Aronin N, DiFiglia M, Liotta A S, Martin J B
J Neurosci. 1981 Jun;1(6):561-77. doi: 10.1523/JNEUROSCI.01-06-00561.1981.
Leu-enkephalin is an opioid peptide that has been found to modulate nociception in the spinal cord. Both pre- and postsynaptic interactions by enkephalins have been proposed. By the peroxidase . anti-peroxidase immunocytochemical method, we studied the distribution and ultrastructure of neuronal elements in the monkey dorsal horn to elucidate possible morphological substrates for postulated opioid actions. Biochemical analysis of immunoreactive Leu-enkephalin-like peptides in the cord was performed to characterize the forms present in labeled neurons and terminals. At the light microscopic level, fiber immunostaining was found in most areas of gray matter, especially in laminae I to V, and in the dorsolateral funiculus. Cell bodies were located in laminae I, II, III, and V. At the ultrastructural level, in the superficial dorsal horn, we found that neurons with Leu-enkephalin receive numerous types of axon inputs, some of which have been identified previously as originating from the dorsal root. Leu-enkephalin terminals formed primarily axosomatic and axodendritic synapses and less frequently synapsed with other axons. With the same Leu-enkephalin antiserum as used in the immunocytochemistry, a peptide physicochemically similar to intact Leu-enkephalin and two larger Leu-enkephalin-like peptides were identified in monkey spinal cord extracts. It is likely that a family of Leu-enkephalin-like peptides is present in monkey spinal cord and that the labeled elements may contain any or all of these substances. It is concluded that both pre- and postsynaptic physiologic effects of Leu-enkephalin are possible, although the preponderance of axodendritic synapses favors a principal postsynaptic site of action. The anatomical results suggest that neurons containing immunoreactive Leu-enkephalin in the dorsal horn, some of which may receive input from primary afferents, modulate nociception by directly synapsing with cells of origin of the spinothalamic tract and also by interacting with primary afferent terminals.

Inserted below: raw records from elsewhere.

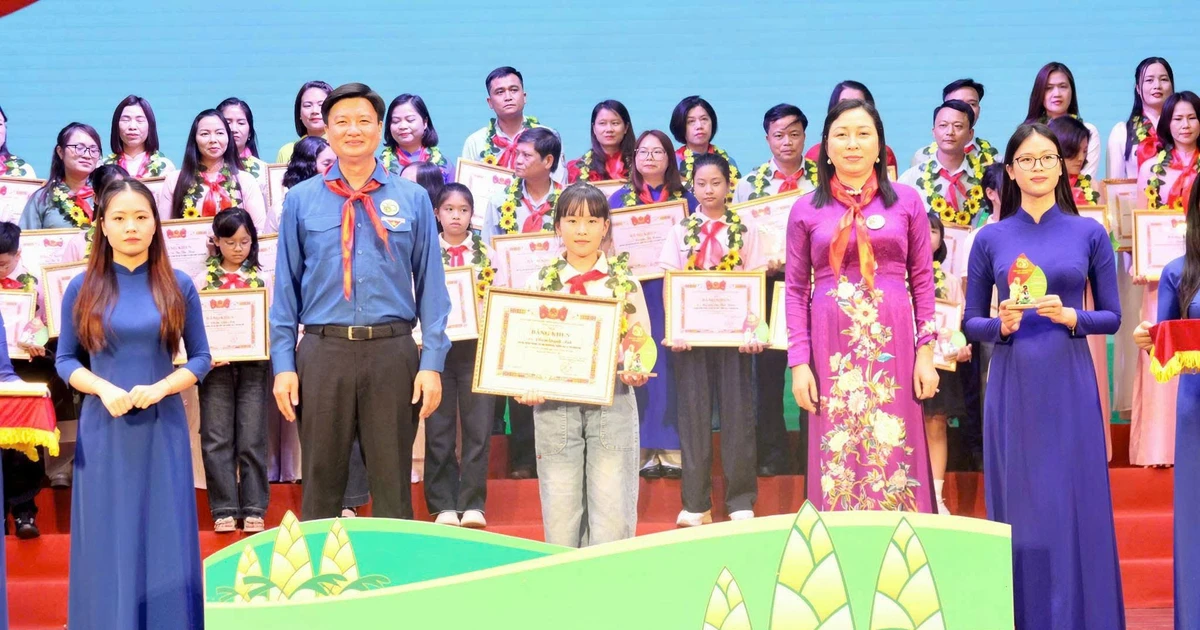 Tuyên dương Tổng phụ trách Đội tiêu biểu và Chỉ huy Đội giỏi tỉnh Ninh Bình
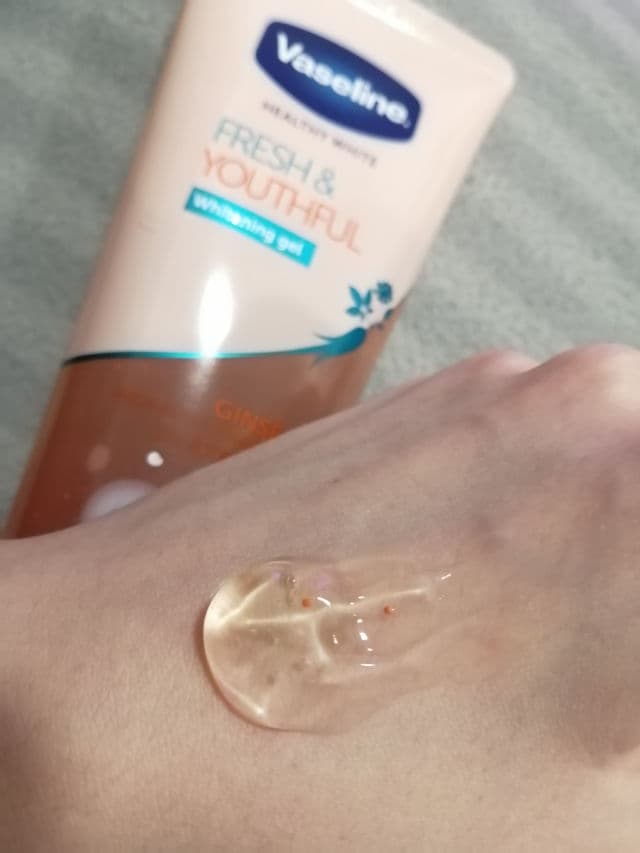 Vaseline Fresh & Youthful Whitening Gel review photo by Masktery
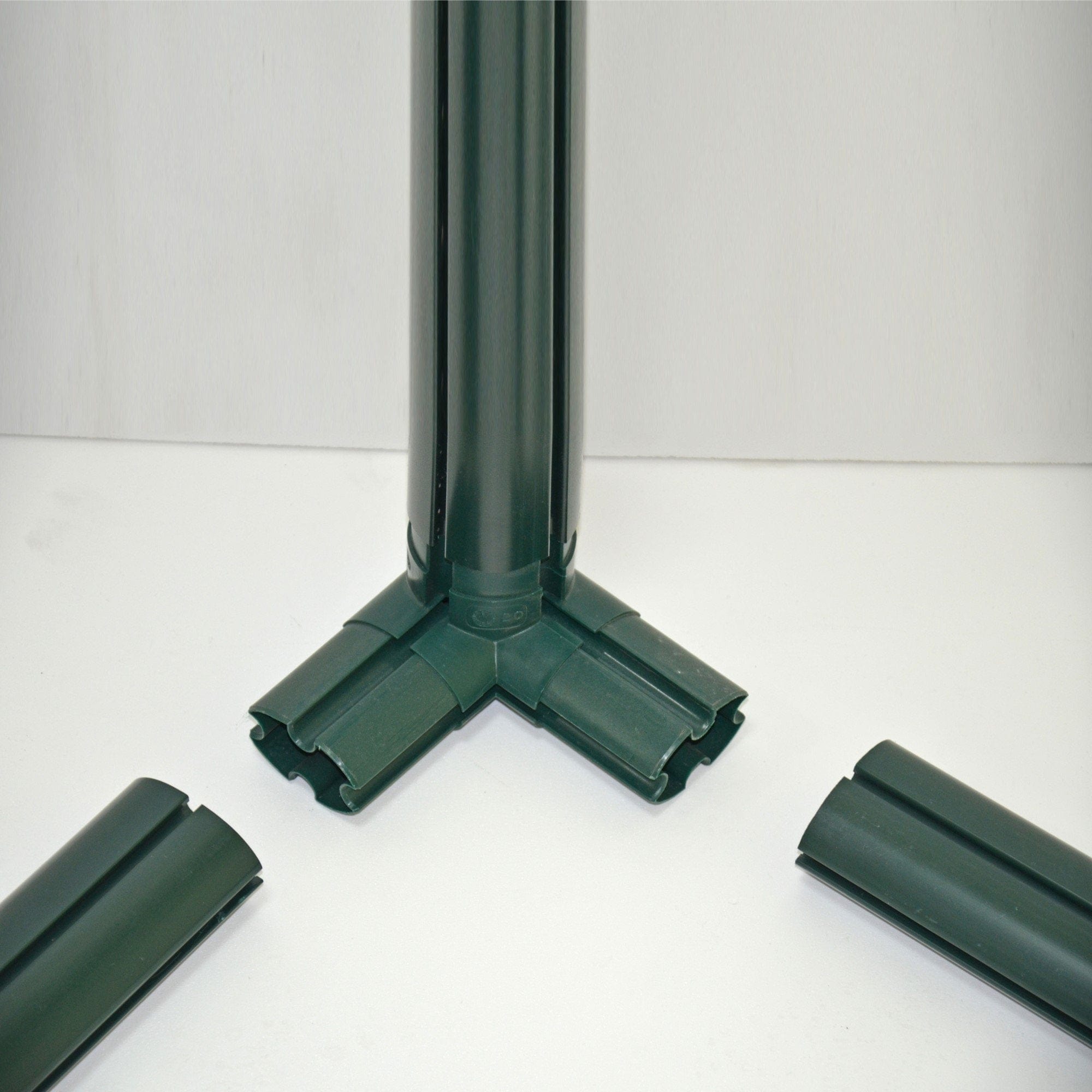 Palram - Canopia | Grand Gardener Greenhouse Kit - 8 Ft Wide - Green - 0.8mm Clear Polycarbonate Glazing - HG7208C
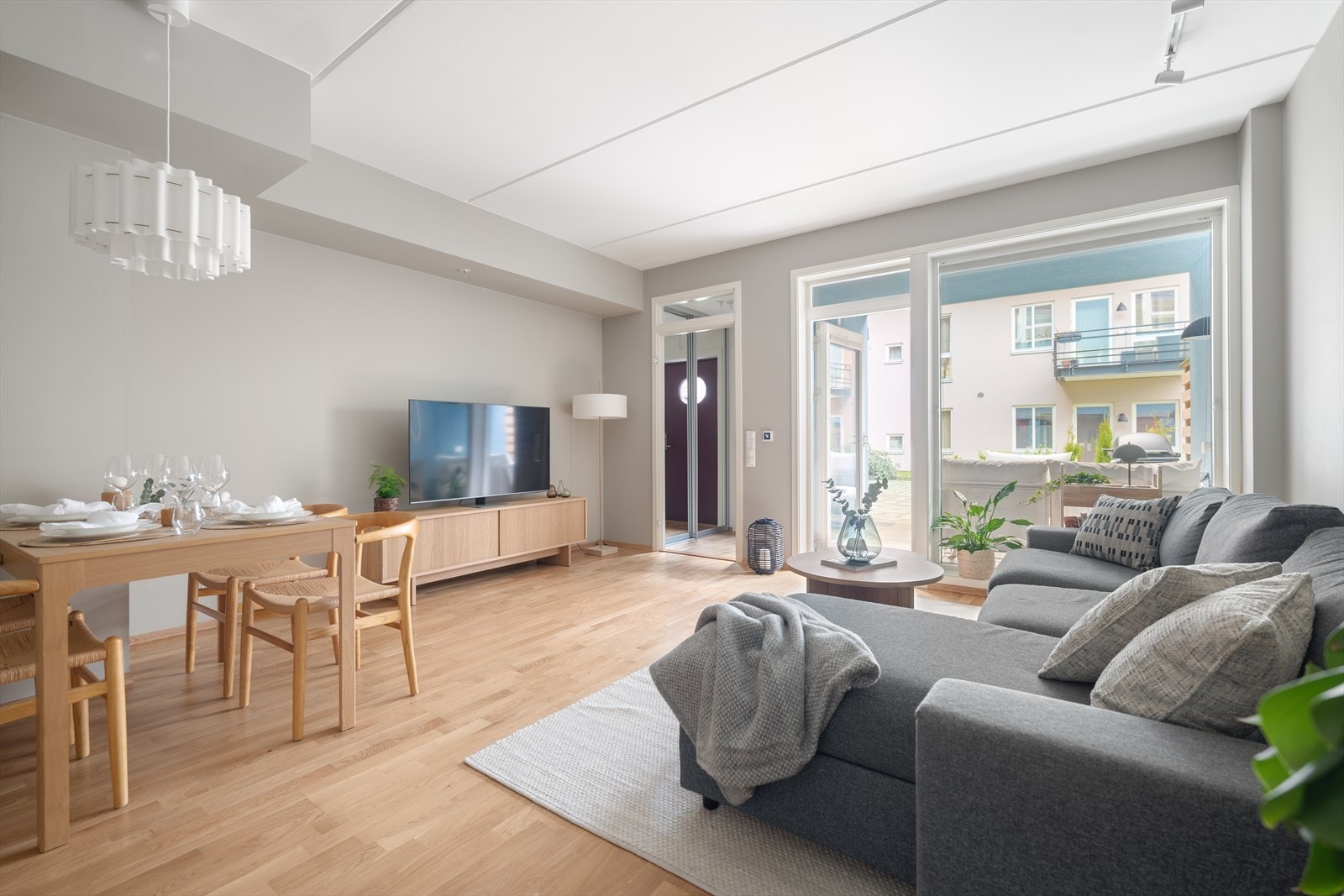 I stuen er det plass til både sofagruppe, TV-møblement og spiseplass - perfekt for hyggelige kvelder med familie og venner. Galleribilde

亮脑啡肽是一种阿片肽,已被发现可调节脊髓中的伤害感受。脑啡肽的突触前和突触后相互作用均已被提出。通过过氧化物酶-抗过氧化物酶免疫细胞化学方法,我们研究了猴背角神经元成分的分布和超微结构,以阐明假定的阿片样作用可能的形态学基础。对脊髓中免疫反应性亮脑啡肽样肽进行生化分析,以表征标记神经元和终末中存在的形式。在光镜水平,在灰质的大多数区域发现纤维免疫染色,尤其是在I至V层以及背外侧索。细胞体位于I、II、III和V层。在超微结构水平,在背角浅层,我们发现含有亮脑啡肽的神经元接受多种类型的轴突输入,其中一些先前已被确定源自背根。亮脑啡肽终末主要形成轴-体和轴-树突触,较少与其他轴突形成突触。用免疫细胞化学中使用的相同亮脑啡肽抗血清,在猴脊髓提取物中鉴定出一种在物理化学性质上与完整亮脑啡肽相似的肽以及两种更大的亮脑啡肽样肽。猴脊髓中可能存在亮脑啡肽样肽家族,并且标记的成分可能含有这些物质中的任何一种或全部。结论是,亮脑啡肽的突触前和突触后生理效应都是可能的,尽管轴-树突触占优势有利于主要的突触后作用部位。解剖学结果表明,背角中含有免疫反应性亮脑啡肽的神经元,其中一些可能接受初级传入纤维的输入,通过直接与脊髓丘脑束起源细胞形成突触以及与初级传入终末相互作用来调节伤害感受。